RECORDS FOR THIS EXERCISE:
----------------

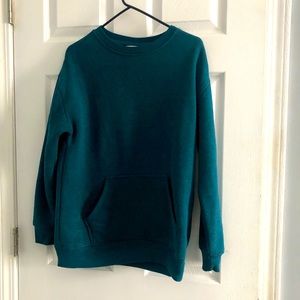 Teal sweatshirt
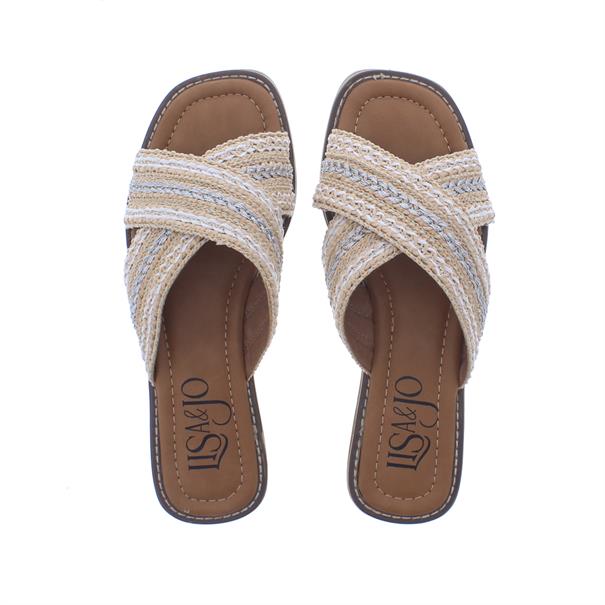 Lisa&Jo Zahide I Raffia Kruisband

----------------

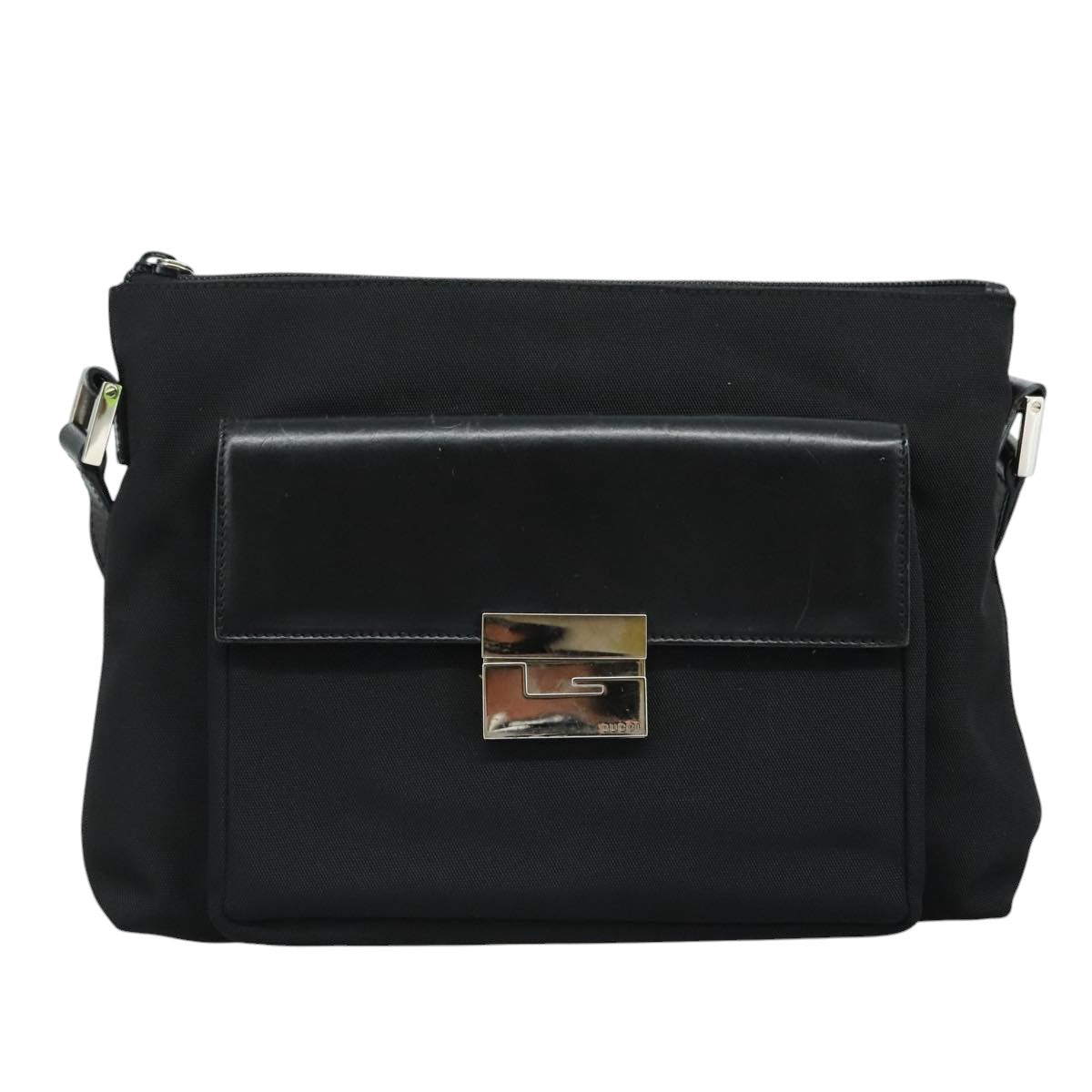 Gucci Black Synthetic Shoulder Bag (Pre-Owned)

----------------

ACTIVITY: In the listing above, find the line with "Teal sweatshirt" and the line with "Lisa&Jo Zahide I Raffia Kruisband". Set down exactly those lines and everything between them, skipping pictures.

TASK OUTPUT:
 Teal sweatshirt
 Lisa&Jo Zahide I Raffia Kruisband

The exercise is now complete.